SYRIA -- A defense official says a new intelligence assessment of ISIS in Iraq and Syria has lowered the estimated number of fighters, reports CBS News' national security correspondent David Martin.
The amount of fighters is now estimated to be around 19,000 to 25,000, down from previous estimates which usually ranged from 20,000 to 30,000 fighters and as high as 33,000.
The drop is attributed to battlefield deaths, trouble recruiting, desertions and increased difficulty getting into Syria, Martin reports.
However, at the same time the number of ISIS fighters in Iraq and Syria is going down, the estimate is going up in Libya -- from 2,000 to 3,000 to 5,000 fighters.
Also on Thursday, Saudi military spokesman told the Associated Press that the kingdom is ready to send ground troops to Syria to fight ISIS if coalition leaders agree during an upcoming meeting in Brussels.
Brig. Gen. Ahmed Asiri told The Associated Press that Saudi Arabia has taken part in coalition airstrikes against ISIS since the U.S.-led campaign began in September 2014, but could now provide ground troops.
The United States is scheduled to convene a meeting of defense ministers from countries fighting ISIS in Brussels this month.
"We are determined to fight and defeat Daesh," Asiri said, using the Arabic acronym for ISIS. He didn't elaborate on how many troops the kingdom would send.
Saudi Arabia is deeply involved in Yemen's civil war, where it is fighting Iranian-backed Shiite rebels. Saudi Arabia and other Gulf countries have long viewed Iran as a regional menace, and Riyadh and Tehran back opposite sides in the wars in Syria and Yemen.
Asiri's announcement came shortly after Russia said it suspects Turkey of planning a military invasion of Syria.

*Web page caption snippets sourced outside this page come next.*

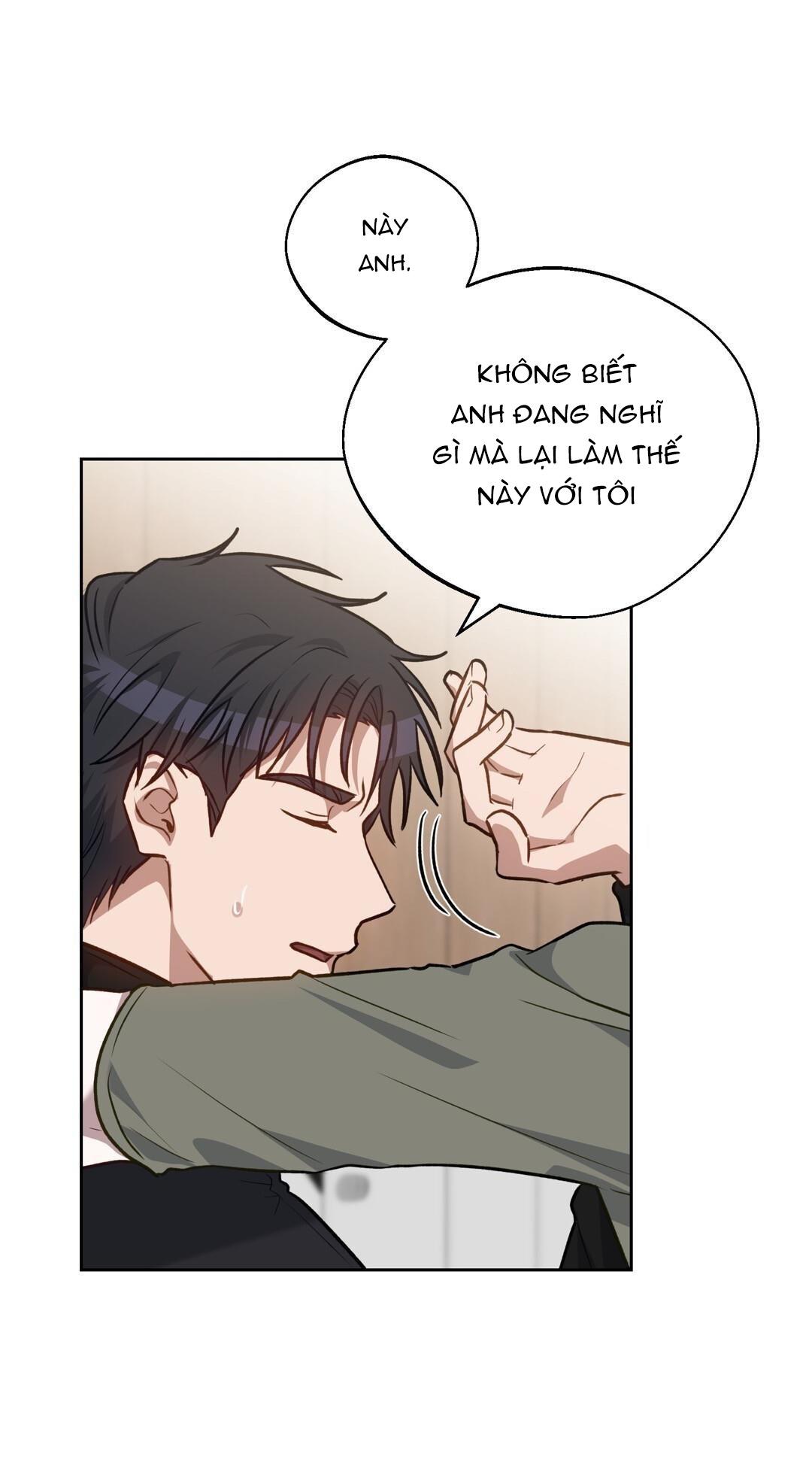 bơi trong mùi hương chapter 4 2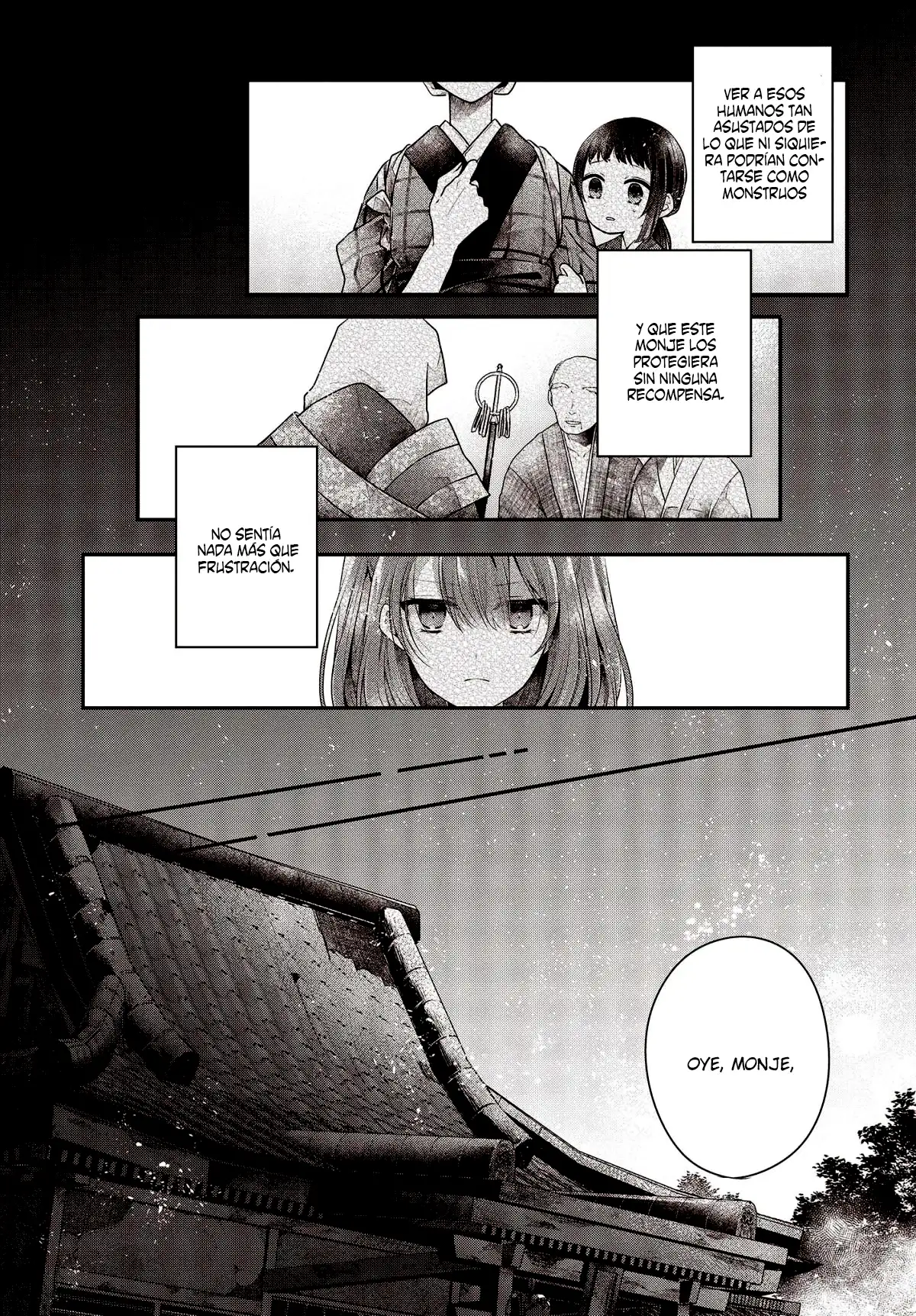 Watashi o Tabetai, Hito de Nashi - Capítulo 33.5 - Página 7 - LectorTMOo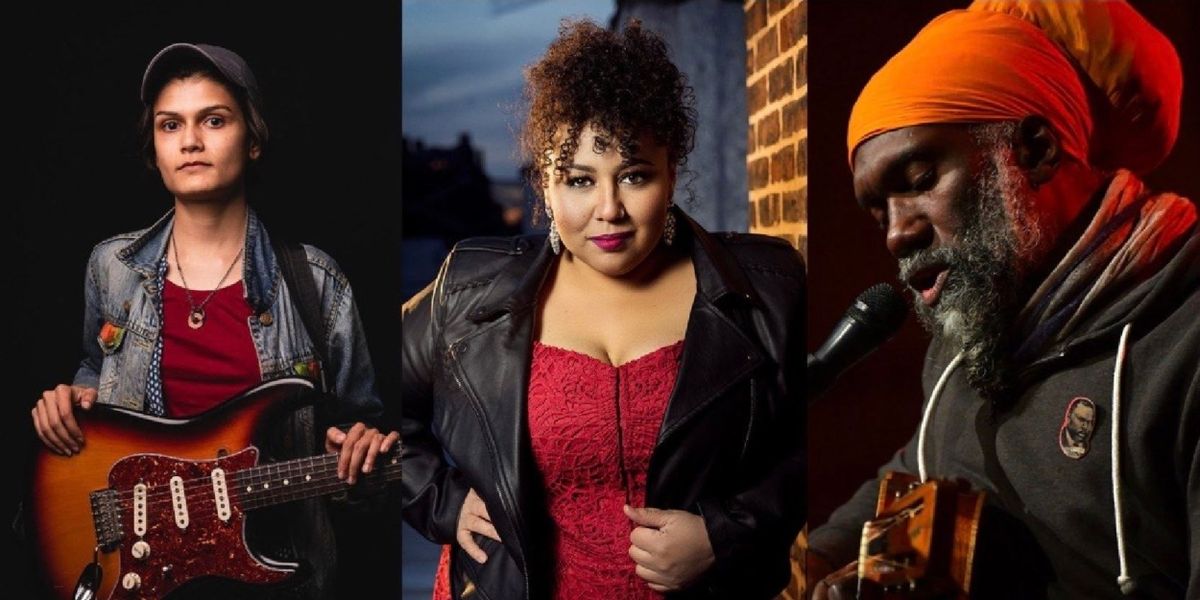 Review: MAHINDRA BLUES SPECIAL at Jazz At The Lincoln Center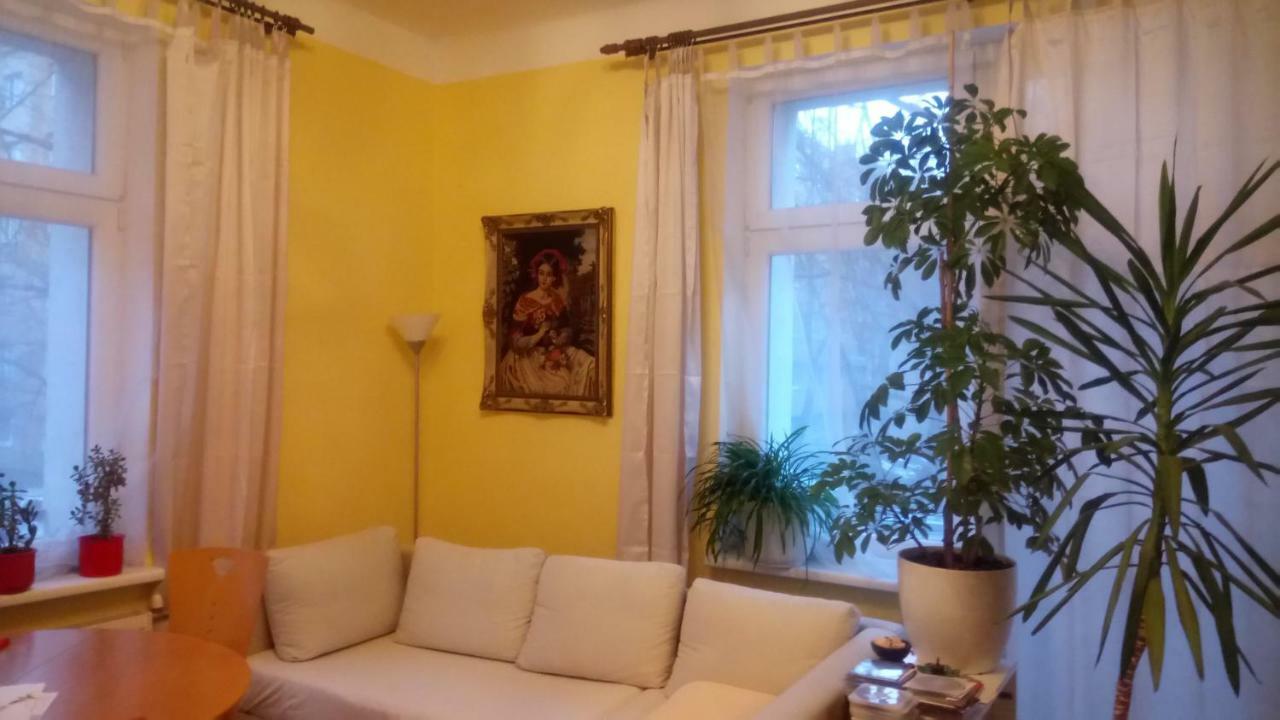 Wohnung In Wien Dış mekan fotoğraf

Ministry spokesman Maj. Gen. Igor Konashenkov said Thursday in a statement that the Russian military has registered "a growing number of signs of hidden preparation of the Turkish armed forces for active actions on the territory of Syria."
He said images of a checkpoint on the Turkish-Syrian border taken in late October and late January show a buildup of transportation infrastructure that could be used for moving in troops, ammunition and weapons.
The announcement came a day after U.N.-led peace talks in Geneva were suspended for three weeks.
The United States blames both Syria's government and Russia for stalling the peace negotiations. Syrian government troops, backed by Russian airstrikes, have increased the pace of attacks on opposition forces in recent days as the talks faltered.
"We believe that the airstrikes alone are not the perfect solution," Asiri said in another interview with the Dubai-based Al-Arabiya TV.